WHAT YOU WILL DO
Lift out, unaltered, the lines of the material below between the line holding "Portón Trasero Completo" and the line holding "CB MARİNA'DAN MARMARİS", counting both.

MATERIAL FOR THE TASK
________________________
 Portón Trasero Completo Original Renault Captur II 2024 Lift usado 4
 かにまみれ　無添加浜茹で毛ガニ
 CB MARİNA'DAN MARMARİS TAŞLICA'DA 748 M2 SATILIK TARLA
________________________
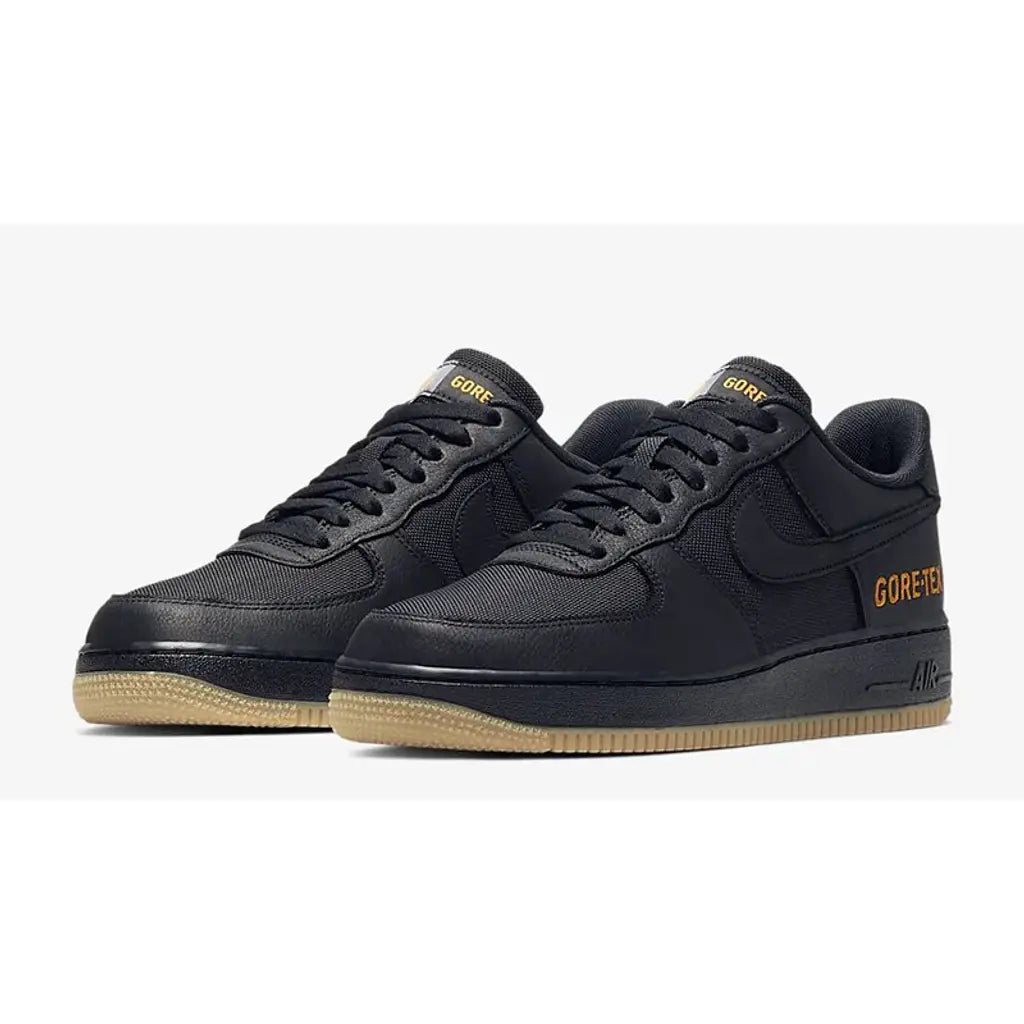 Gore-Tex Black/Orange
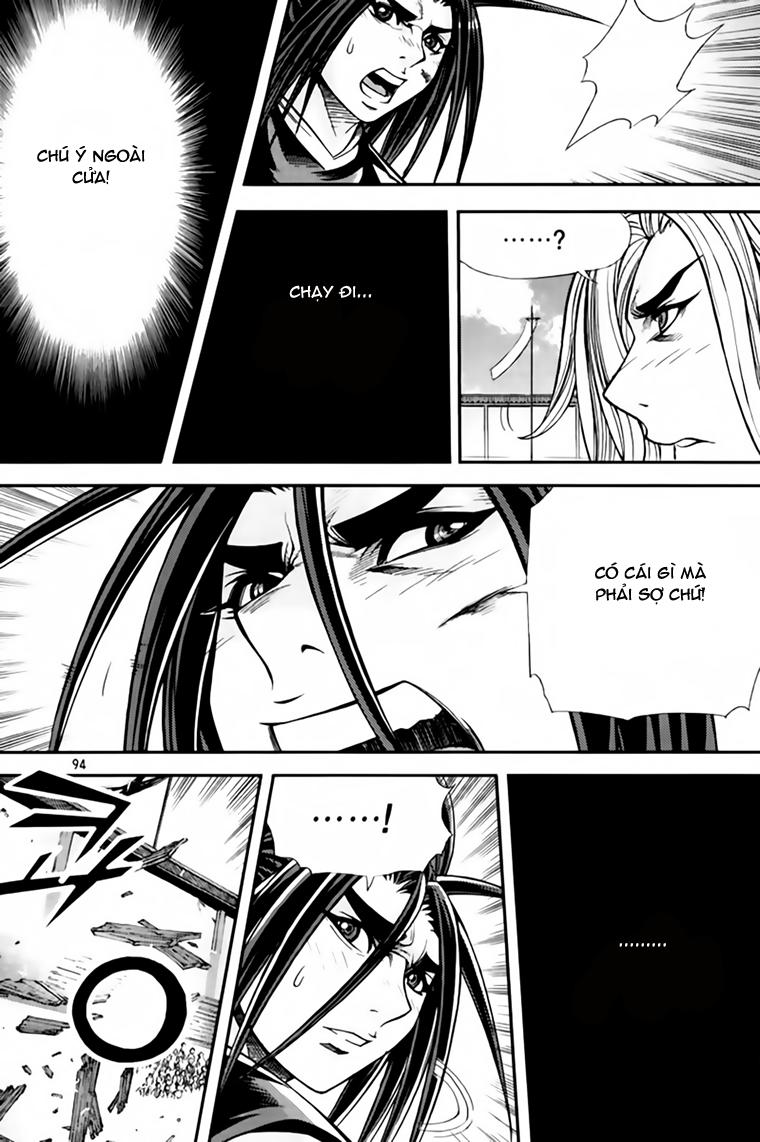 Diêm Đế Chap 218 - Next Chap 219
________________________
TASK RESPONSE
 Portón Trasero Completo Original Renault Captur II 2024 Lift usado 4
 かにまみれ　無添加浜茹で毛ガニ
 CB MARİNA'DAN MARMARİS TAŞLICA'DA 748 M2 SATILIK TARLA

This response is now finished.